Task description:
Starting at the line that contains "Alexis Jayde Burnett", write out every line through the last one in the records below, word for word. Leave out any pictures.

Image-caption web data:
····················
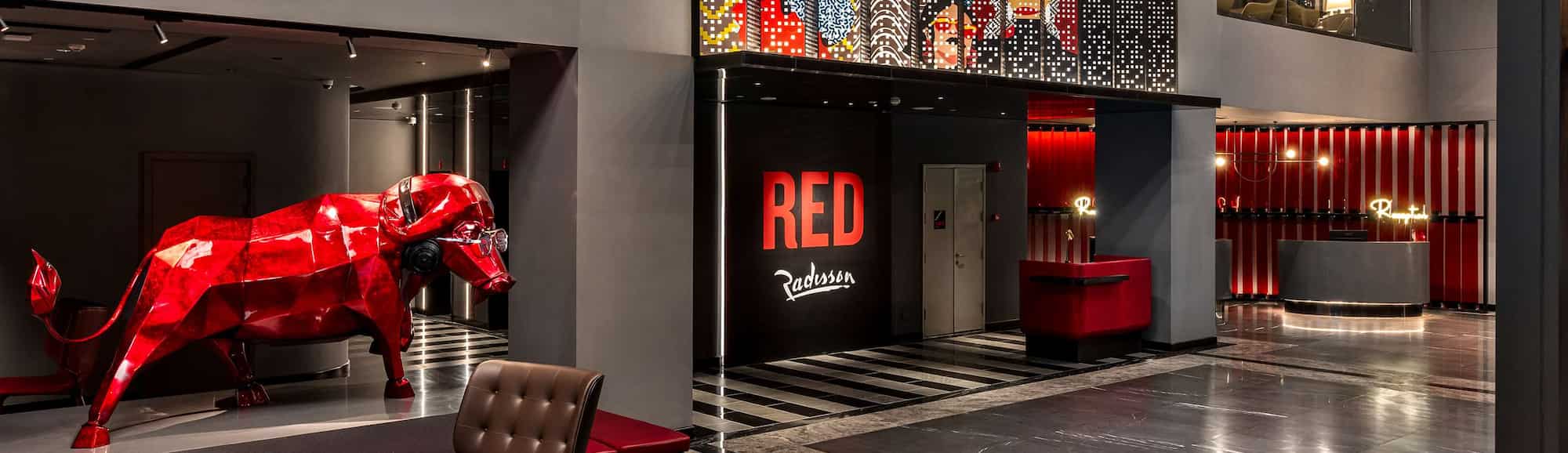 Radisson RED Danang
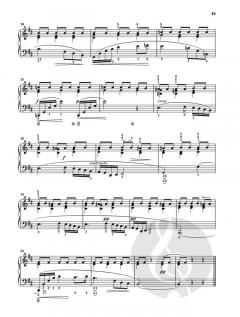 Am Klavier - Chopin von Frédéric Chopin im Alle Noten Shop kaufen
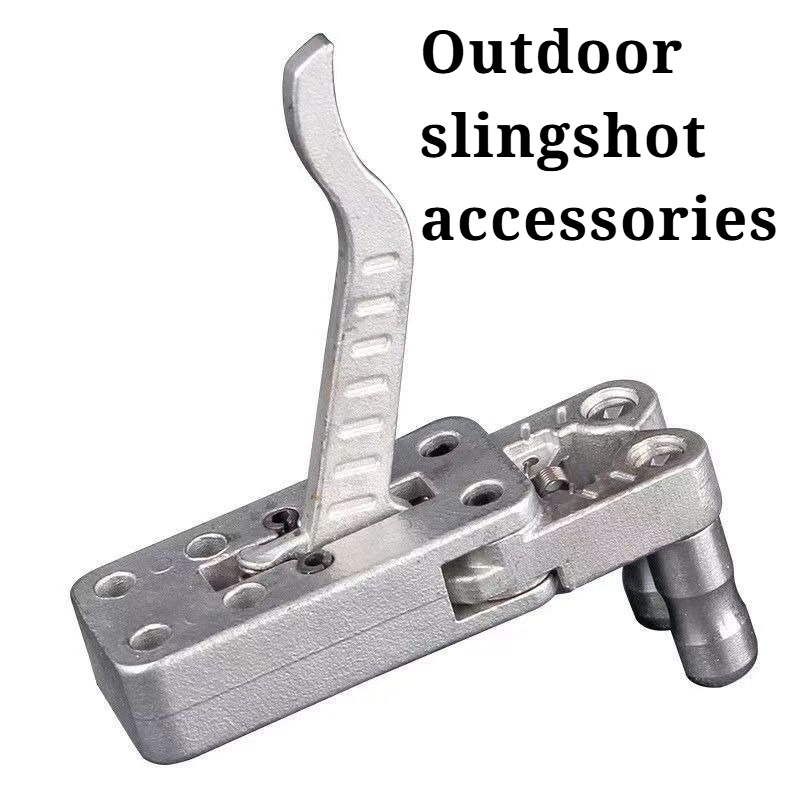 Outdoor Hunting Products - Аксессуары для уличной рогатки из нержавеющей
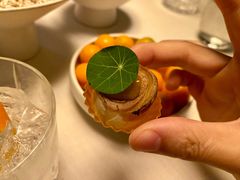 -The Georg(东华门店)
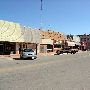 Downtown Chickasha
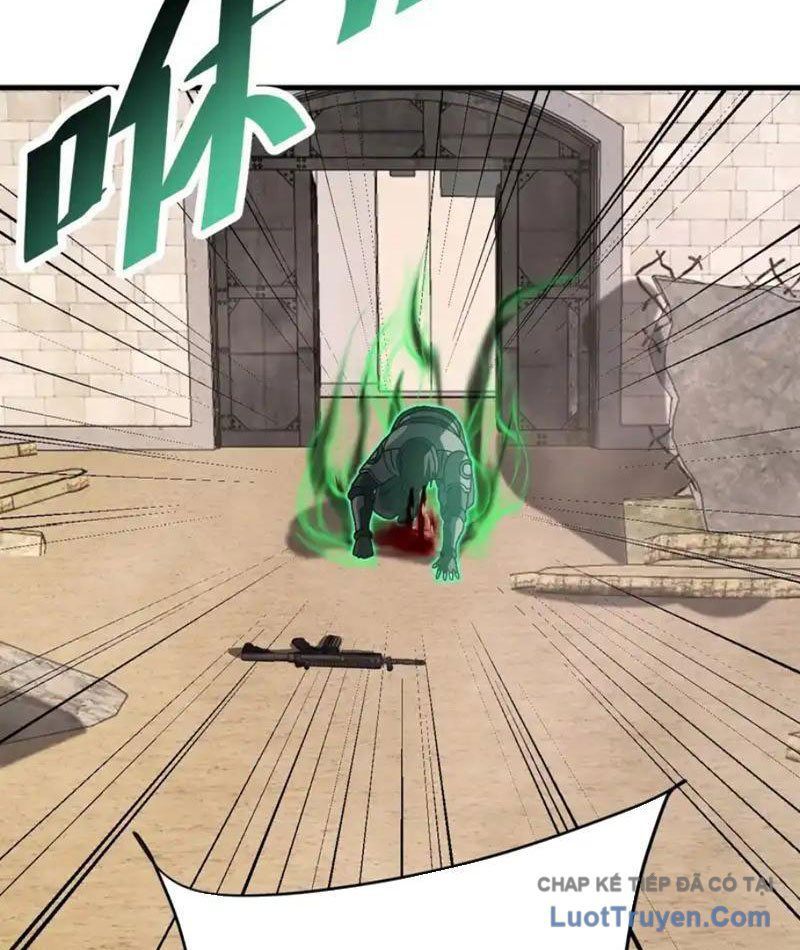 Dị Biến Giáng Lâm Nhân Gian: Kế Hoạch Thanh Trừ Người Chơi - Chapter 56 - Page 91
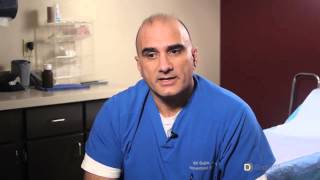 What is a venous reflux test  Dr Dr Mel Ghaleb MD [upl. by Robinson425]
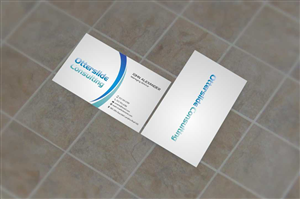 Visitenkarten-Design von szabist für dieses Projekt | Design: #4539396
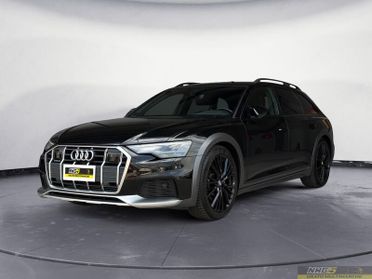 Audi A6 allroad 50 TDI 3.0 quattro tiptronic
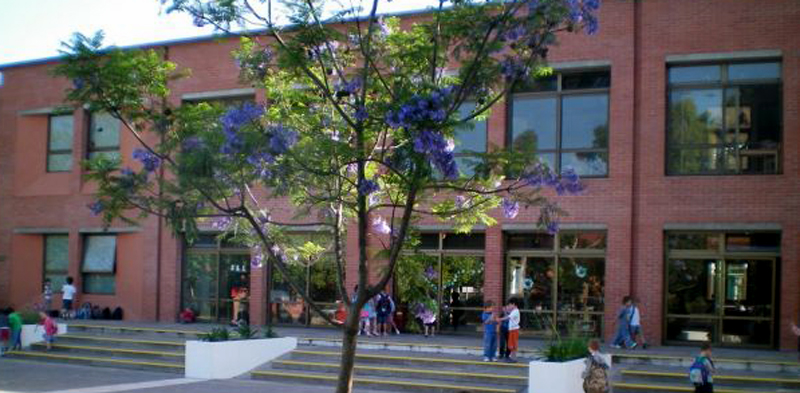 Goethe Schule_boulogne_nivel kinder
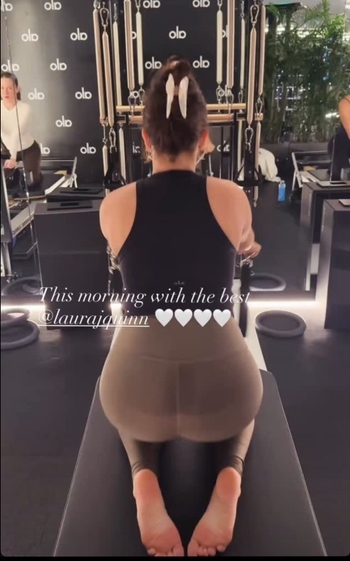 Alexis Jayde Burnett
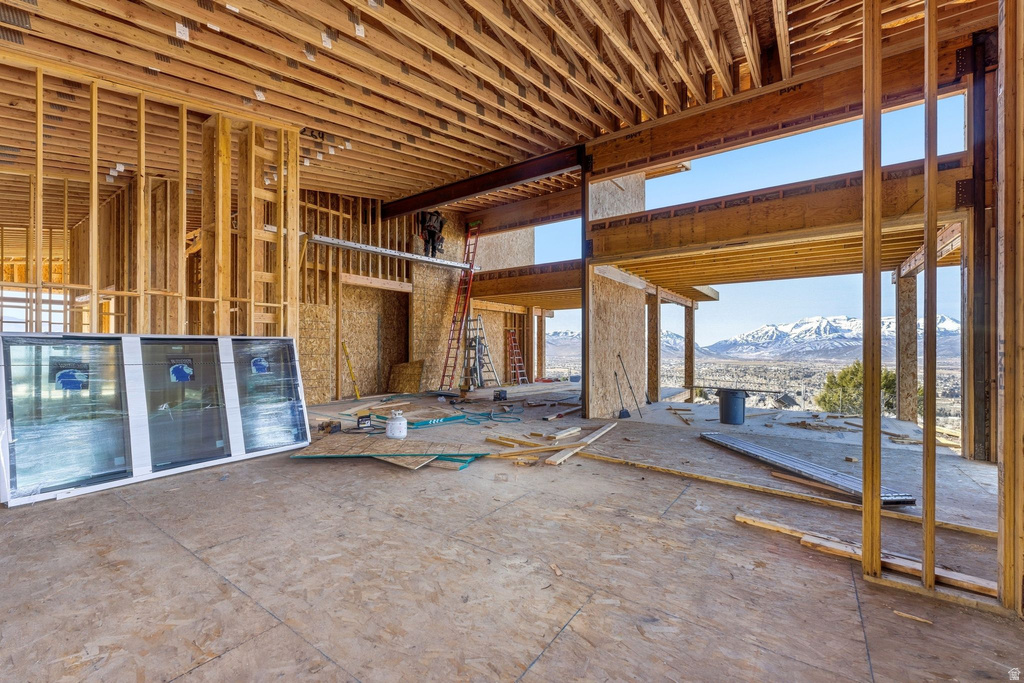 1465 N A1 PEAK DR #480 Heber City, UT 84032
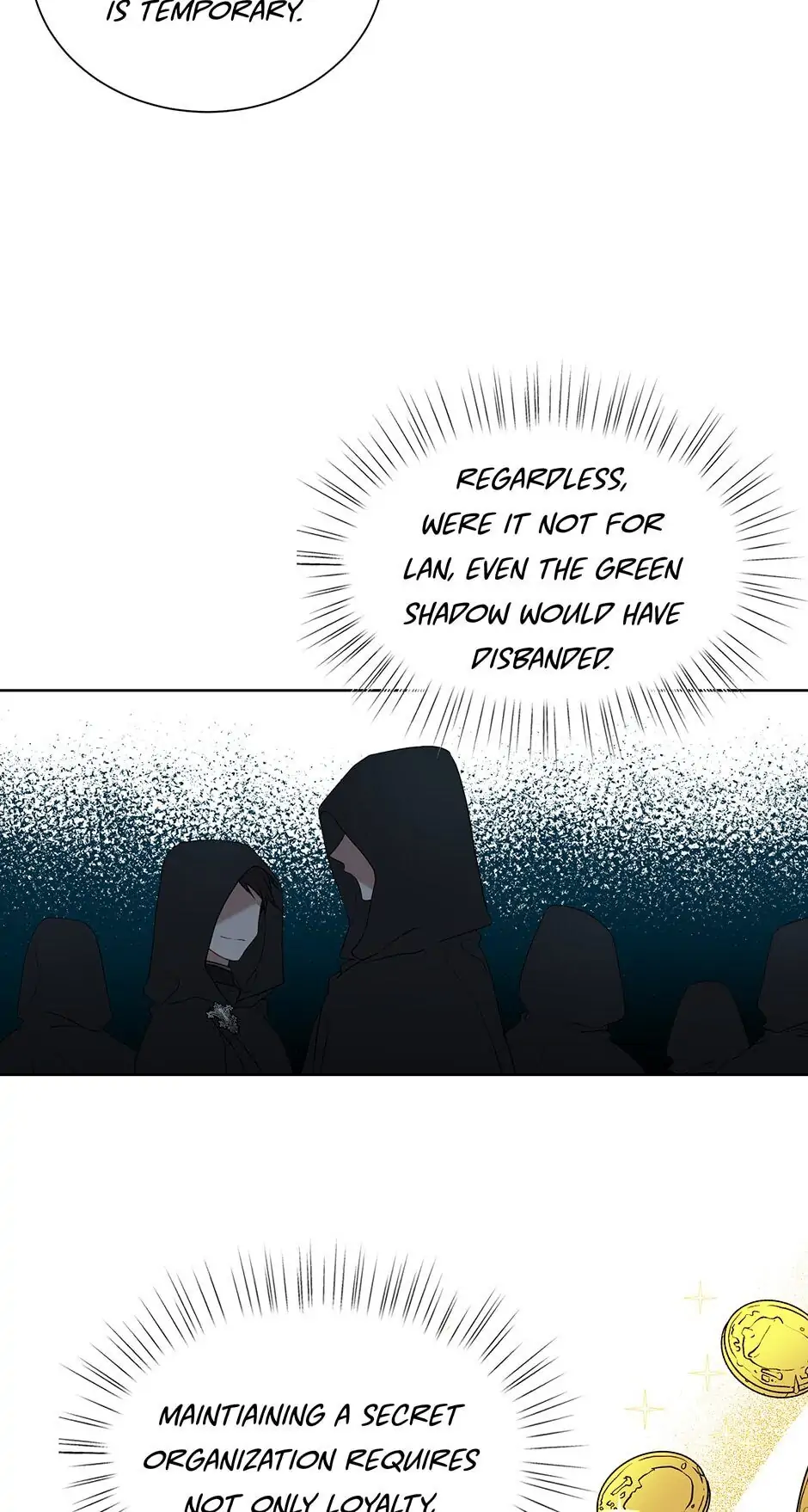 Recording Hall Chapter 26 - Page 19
····················
Exercise response:
 Alexis Jayde Burnett
 1465 N A1 PEAK DR #480 Heber City, UT 84032
 Recording Hall Chapter 26 - Page 19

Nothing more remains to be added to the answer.